*Assigned task*: Restate the data below word for word. Leave the images out.

*Materials provided*:
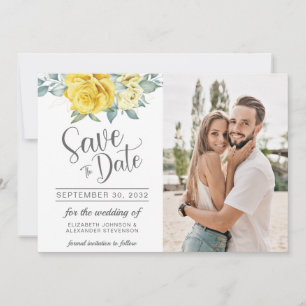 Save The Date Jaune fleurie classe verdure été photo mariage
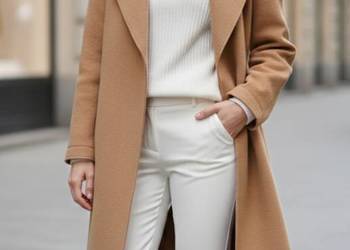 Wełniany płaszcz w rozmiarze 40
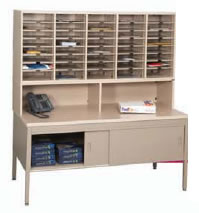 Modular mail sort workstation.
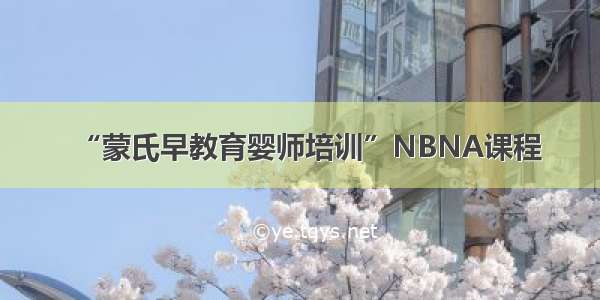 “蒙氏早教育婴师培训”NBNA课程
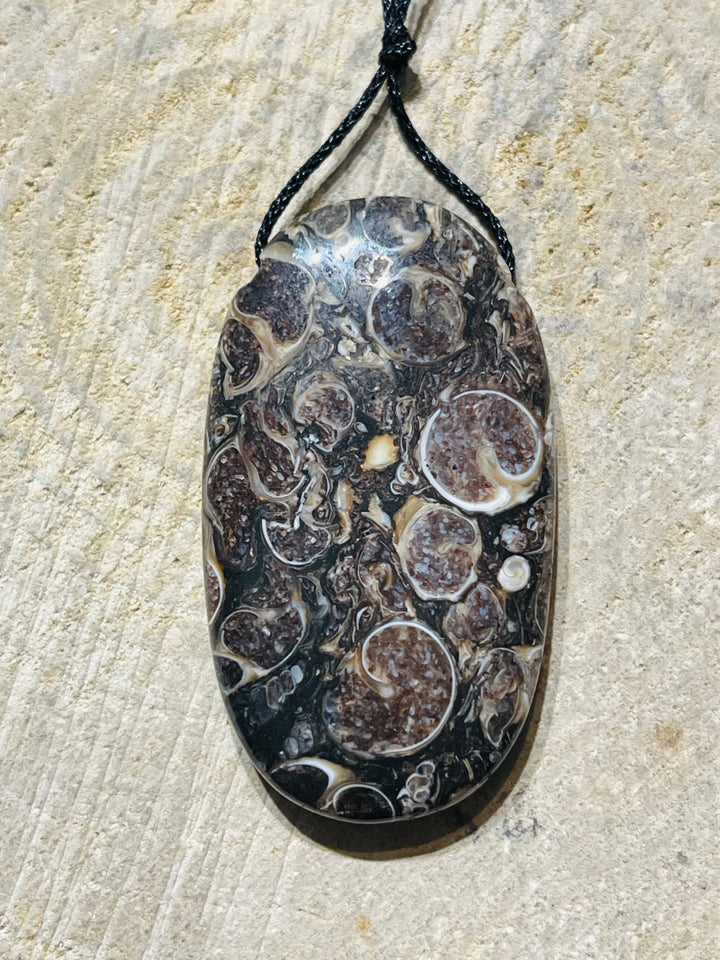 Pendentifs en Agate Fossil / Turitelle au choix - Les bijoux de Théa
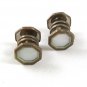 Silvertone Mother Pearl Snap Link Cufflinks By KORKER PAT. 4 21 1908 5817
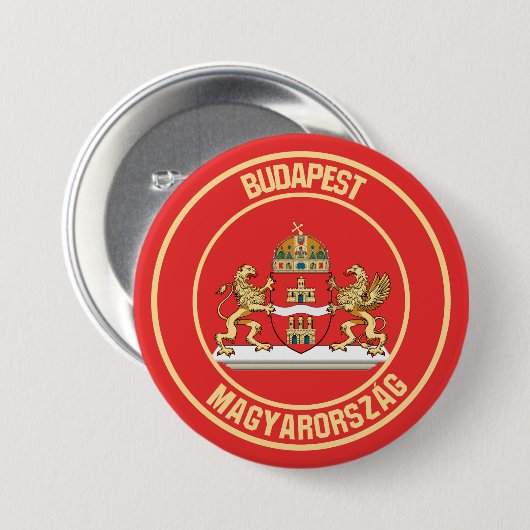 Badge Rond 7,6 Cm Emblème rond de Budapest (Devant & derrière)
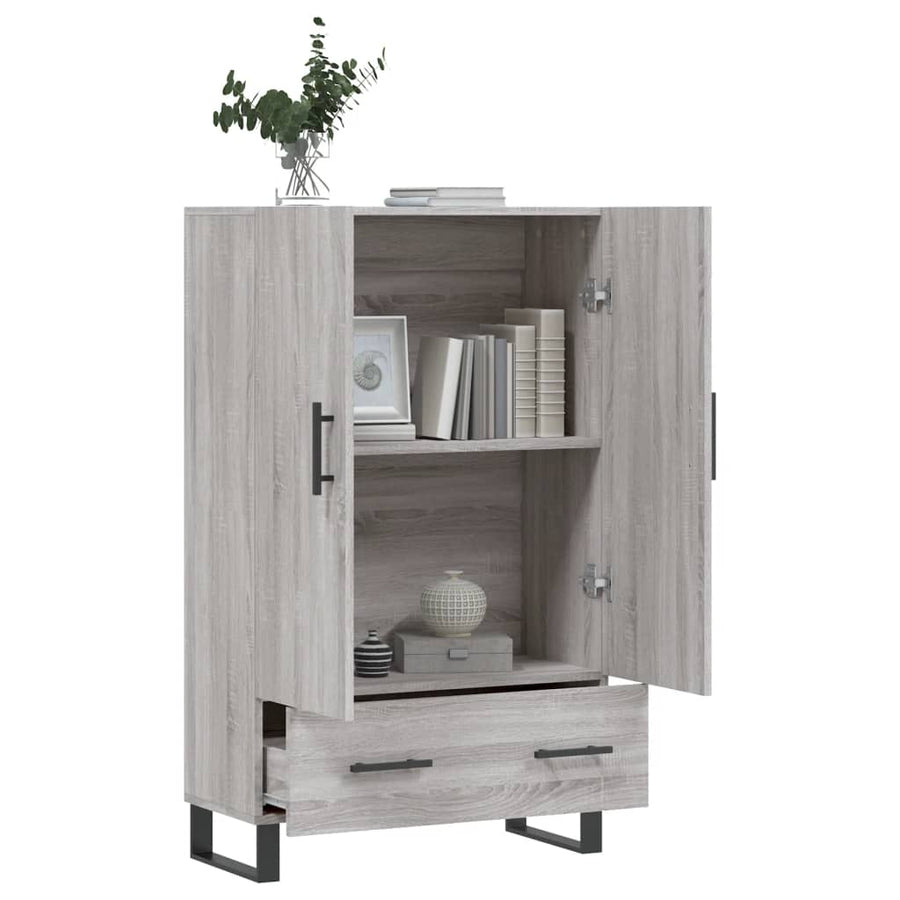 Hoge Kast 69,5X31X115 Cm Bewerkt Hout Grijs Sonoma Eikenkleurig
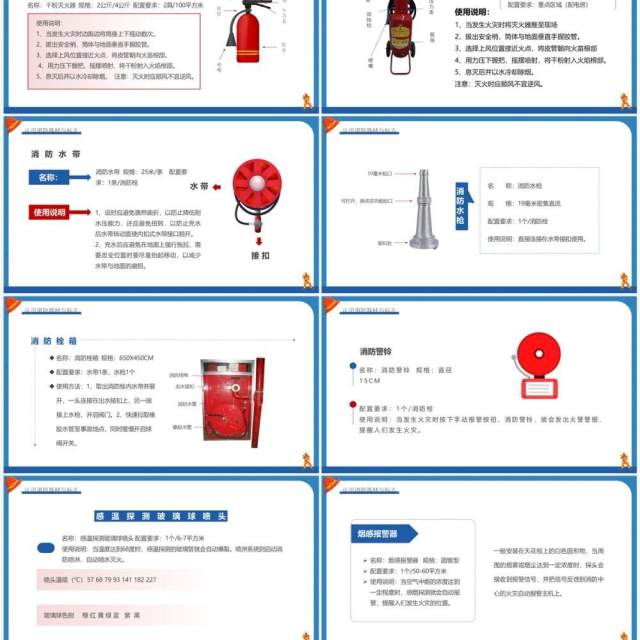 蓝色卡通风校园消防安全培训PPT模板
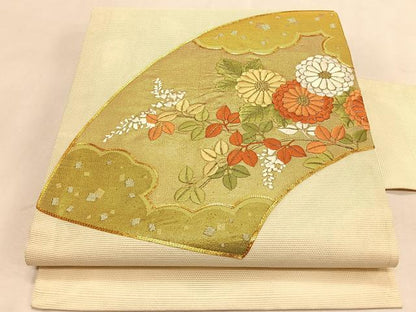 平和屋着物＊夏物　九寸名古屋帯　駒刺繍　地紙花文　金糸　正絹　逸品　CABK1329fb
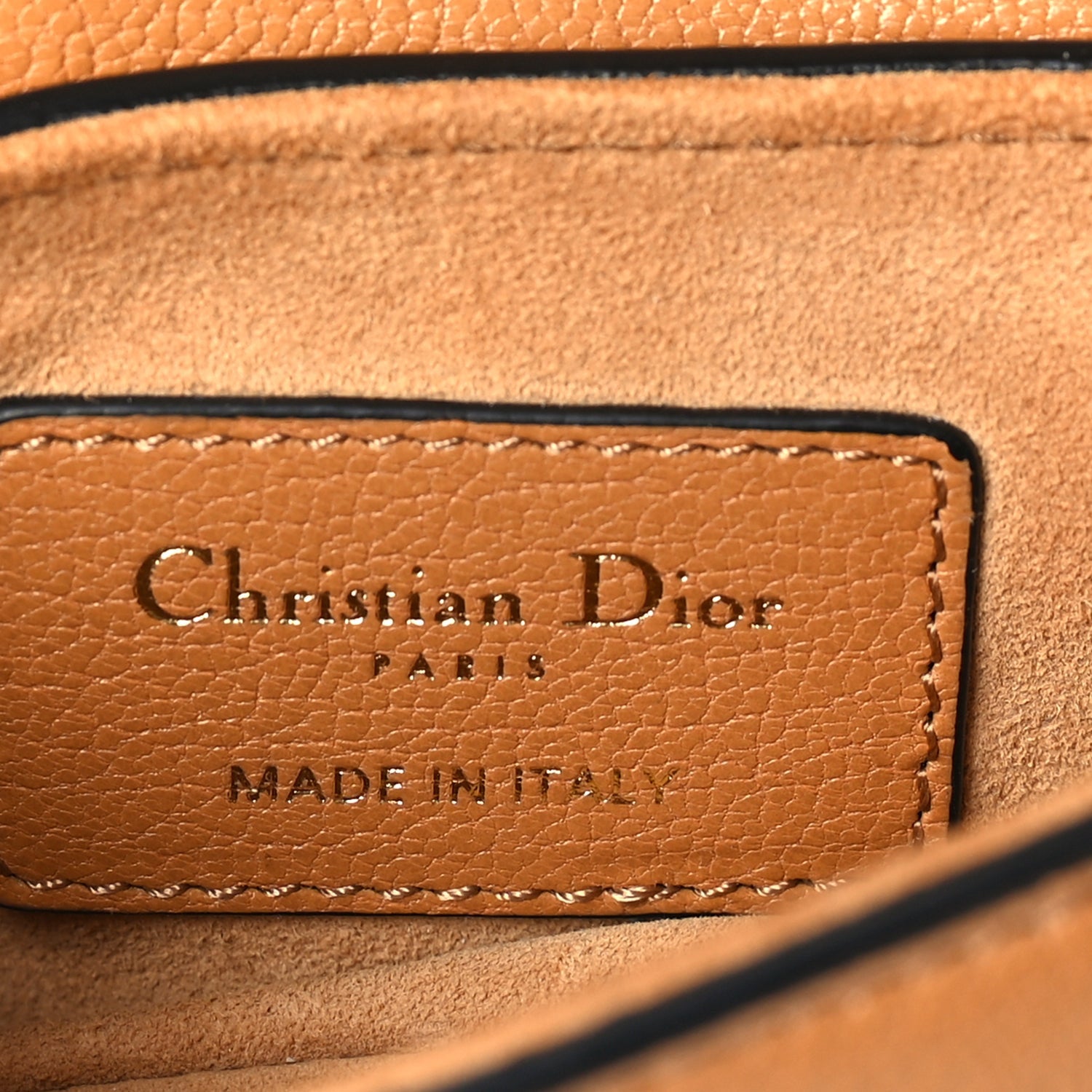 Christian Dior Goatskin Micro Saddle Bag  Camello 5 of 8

*Finished exercise*:
 Save The Date Jaune fleurie classe verdure été photo mariage
 Wełniany płaszcz w rozmiarze 40
 Modular mail sort workstation.
 “蒙氏早教育婴师培训”NBNA课程
 Pendentifs en Agate Fossil / Turitelle au choix - Les bijoux de Théa
 Silvertone Mother Pearl Snap Link Cufflinks By KORKER PAT. 4 21 1908 5817
 Badge Rond 7,6 Cm Emblème rond de Budapest (Devant & derrière)
 Hoge Kast 69,5X31X115 Cm Bewerkt Hout Grijs Sonoma Eikenkleurig
 蓝色卡通风校园消防安全培训PPT模板
 平和屋着物＊夏物　九寸名古屋帯　駒刺繍　地紙花文　金糸　正絹　逸品　CABK1329fb
 Christian Dior Goatskin Micro Saddle Bag  Camello 5 of 8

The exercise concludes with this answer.